Projects
Sea, Star, Woman
I return to a country I chose to leave, Korea, to find meaning in my mother’s deleted image.
My mother left our home in Korea when I was 7. We lived as if our father’s new wife was our real mother. My first name changed, we moved, I enrolled in a new school. My mother was a fallen woman never to be talked about. I could only stare at holes cut out of family photos, knowing it was her. Years later, now a filmmaker in France, I suddenly started having vertigo attacks that prevented me from working – my brain was deleting one of my eyes’ two images instead of merging them. As my world span, my thoughts turned to the blind spot in my existence: my mother. I learnt my father accused her of adultery, a crime in Korea until 2015. Sentenced to 8 months in jail, with no support from her family, she had to resign as a teacher and didn’t own a place to live. What was it like to be stamped an ill-reputed woman and shunned by 90’s Korean society? This film will try to unravel how losing her heart-breaking battle to be our mother led her to emigrate to the US, forgotten by those she loved.

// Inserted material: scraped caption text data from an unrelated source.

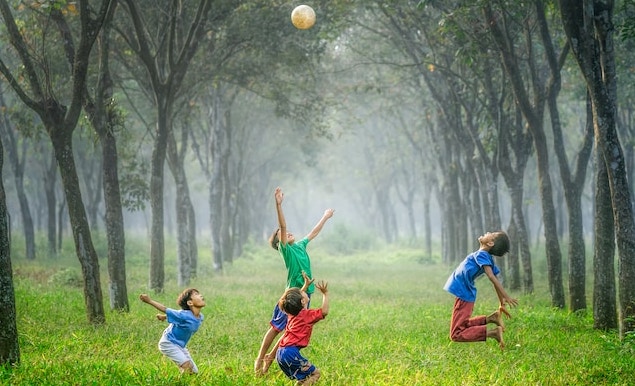 bērni mežā spēlējas ar bumbu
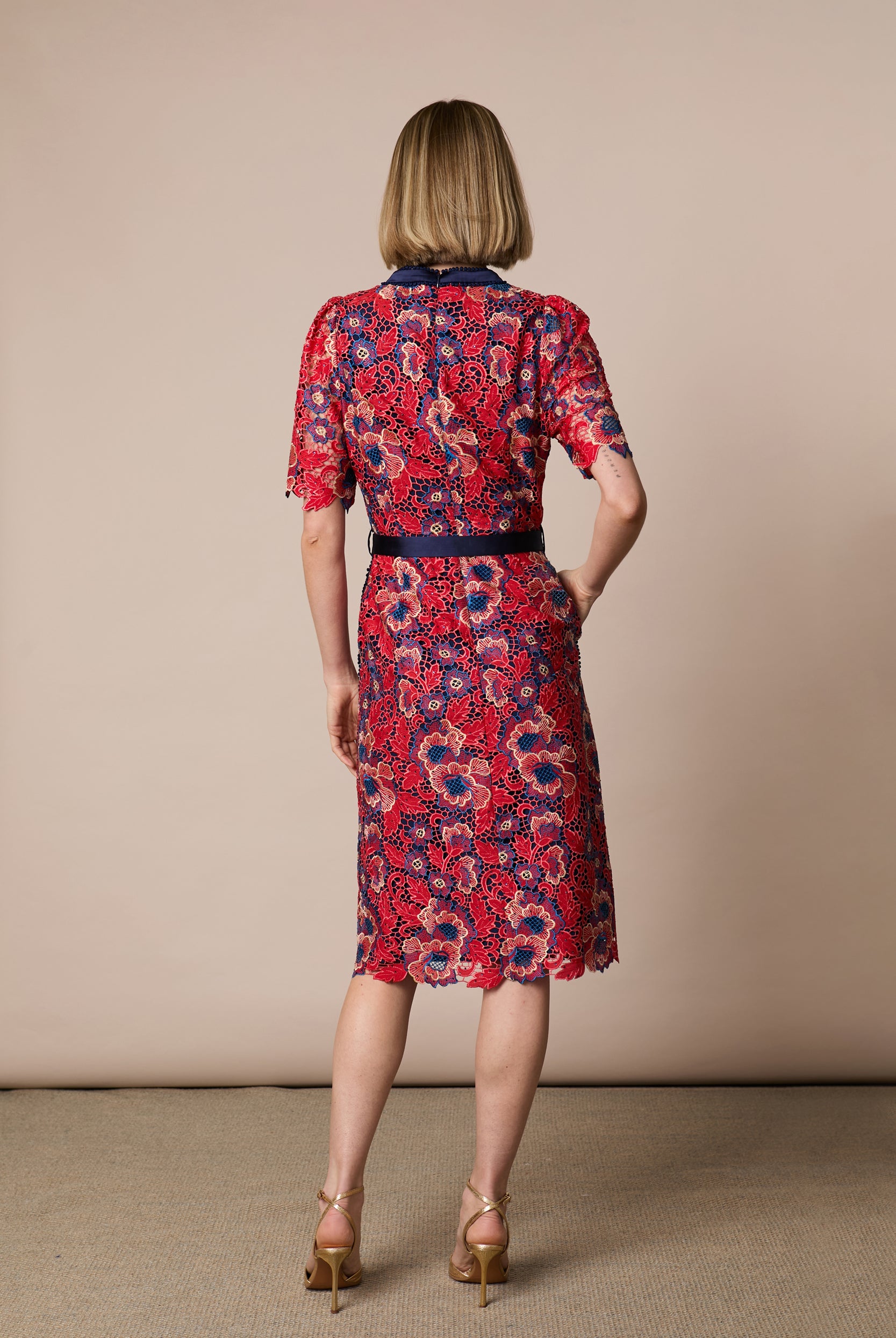 Back view of Fee G Stella red navy floral lace dress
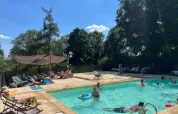 Piscine extérieure au Domaine de Pradines, Occitanie, France, avec des vacanciers détendus au soleil.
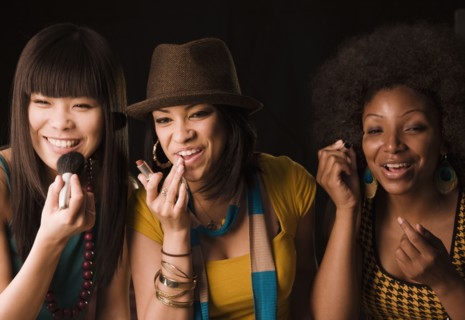 Multi-ethnic women putting on makeup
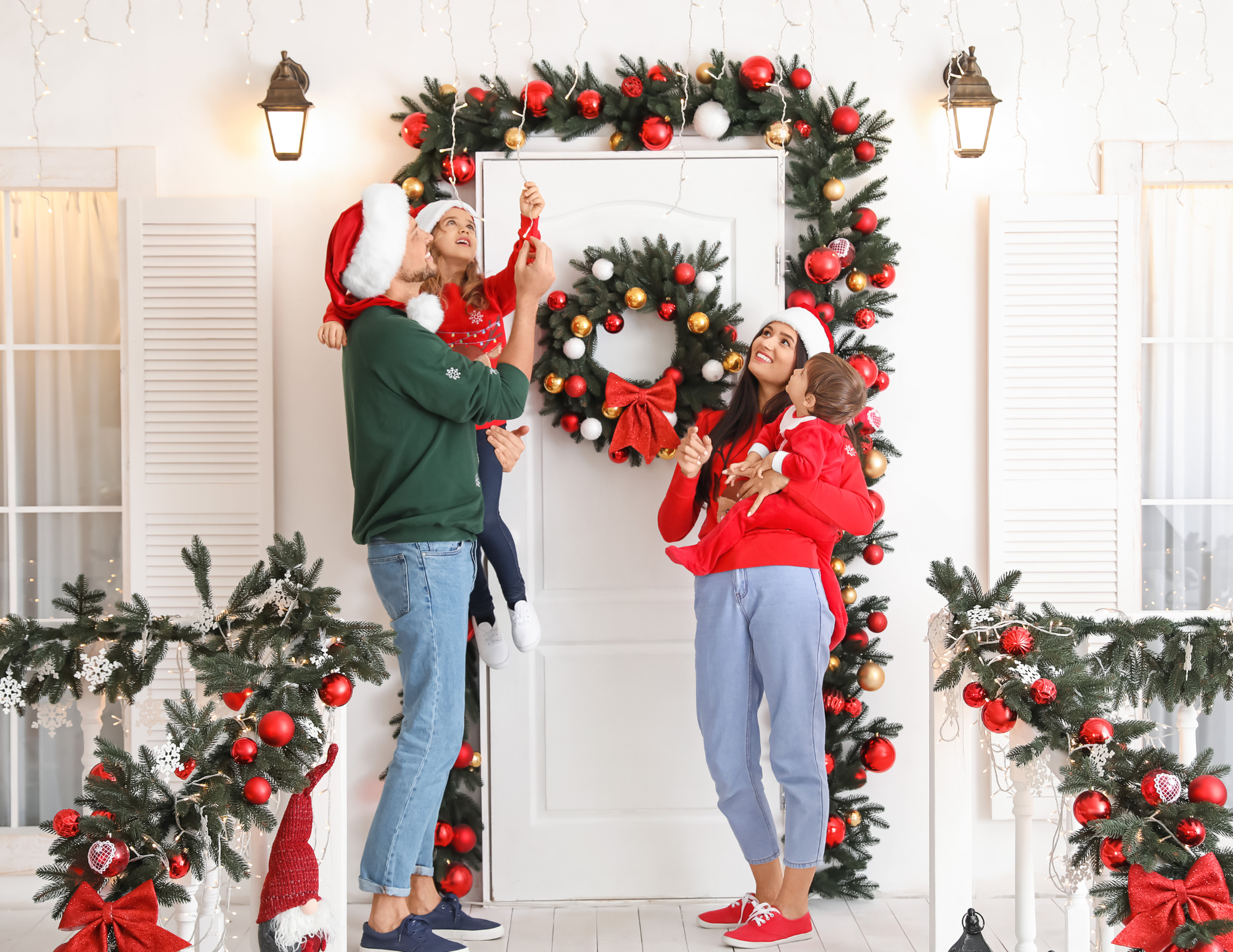 Family decorating their home's front porch with wreaths and holiday garlands.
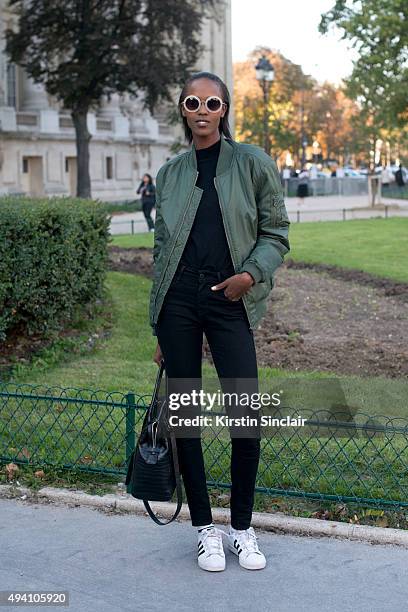 Model Leila Nda wears Adidas trainers, a Classic Urban jacket, Levi jeans, Derek Lam sunglasses and Givency bag on day 3 during Paris Fashion Week...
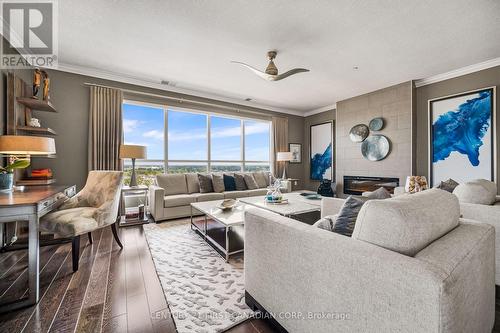 1306 - 240 Villagewalk Boulevard, London, ON - Indoor Photo Showing Living Room With Fireplace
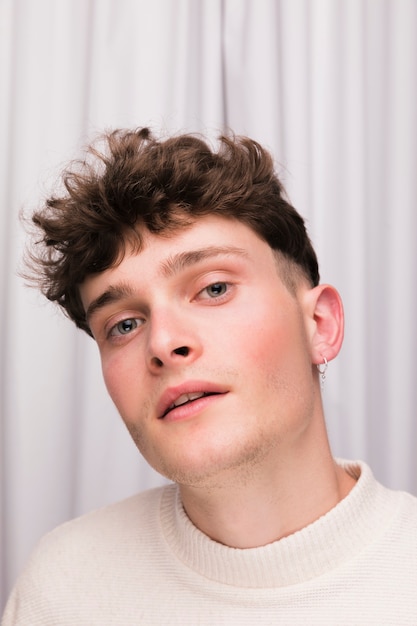 Portrait of fashionable boy in front of white curtain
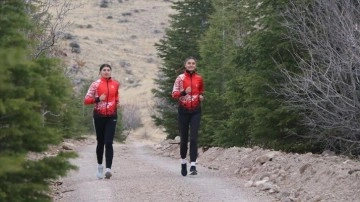 Şampiyon atletler olimpiyat kotası için patika yollarda güç depoluyor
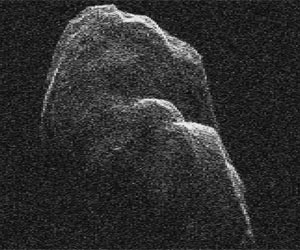 Asteroid Toutatis Slowly Tumbles by Earth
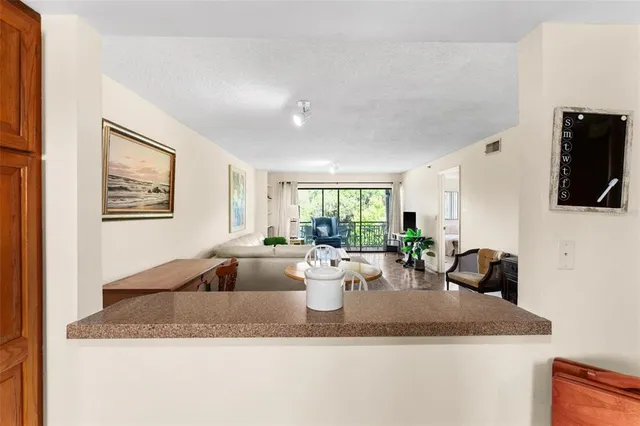 a kitchen with a granite counter top couches and a flat screen tv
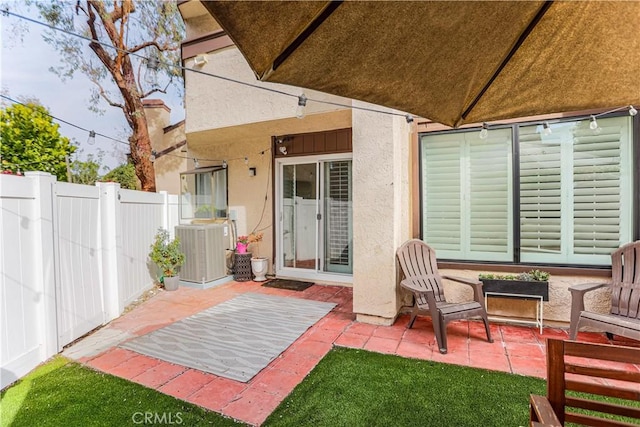 view of patio with cooling unit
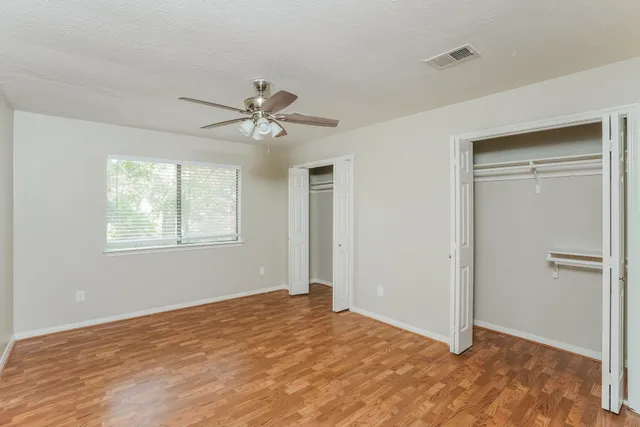 a bathroom with a double vanity sink a toilet and a shower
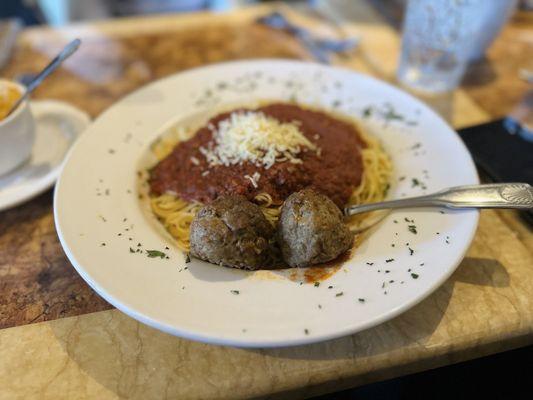 Angel hair pasta with meatballs and tomato basil sauce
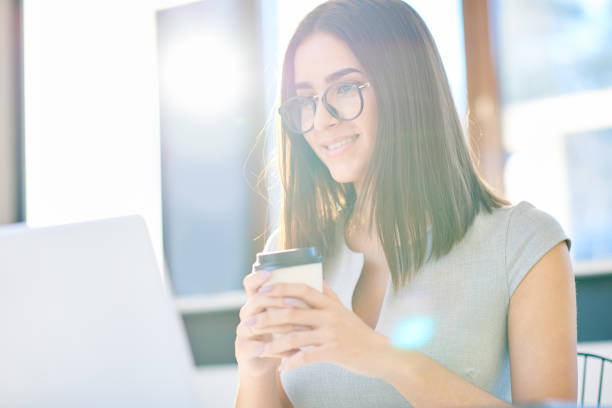 istock Cheerful woman working in morning 849273970
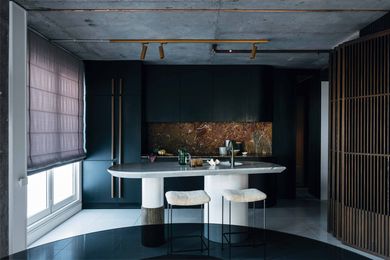 The marble of the kitchen’s bespoke island and splashback punctuate an otherwise moody colour palette.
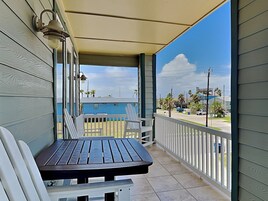 A balcony with a table and chairs, a view of a blue building, and a street with palm trees.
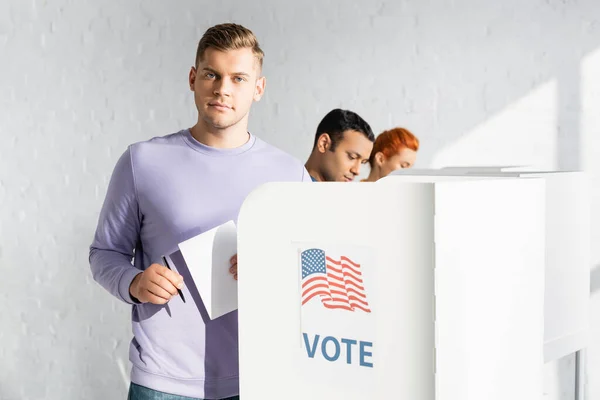 Man looking at camera while holding ballot near polling booth with american flag and vote lettering on blurred background — Stock Photo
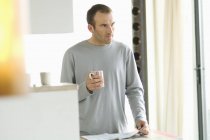 Thoughtful man standing in kitchen and holding mug — Stock Photo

I want to understand how law, convention and people’s decisions can combine to erase a woman, a daughter, a wife, a mother, a teacher, and Korean citizen. But my mother’s absence will only be a starting point. As I try to piece together a picture of her, I will gather contradictory, sometimes unreliable, recollections from individuals, objects and places that hold memories of her in Korea and the US, her adoptive country. I will record site-specific sounds and images of everyday life to help portray her story – like the densely packed and standardised Korean housing modules that reflect the strict moral and societal codes that govern the Korean population and define family life there. Beginning as a personal sound and image scrapbook of fragmentary truths and improbable situations, I will playfully weave together different cinematic forms – archival footage, portraits, eye-rehabilitation inspired animation, and re-enacted childhood memories – allowing my mother to gradually re-appear.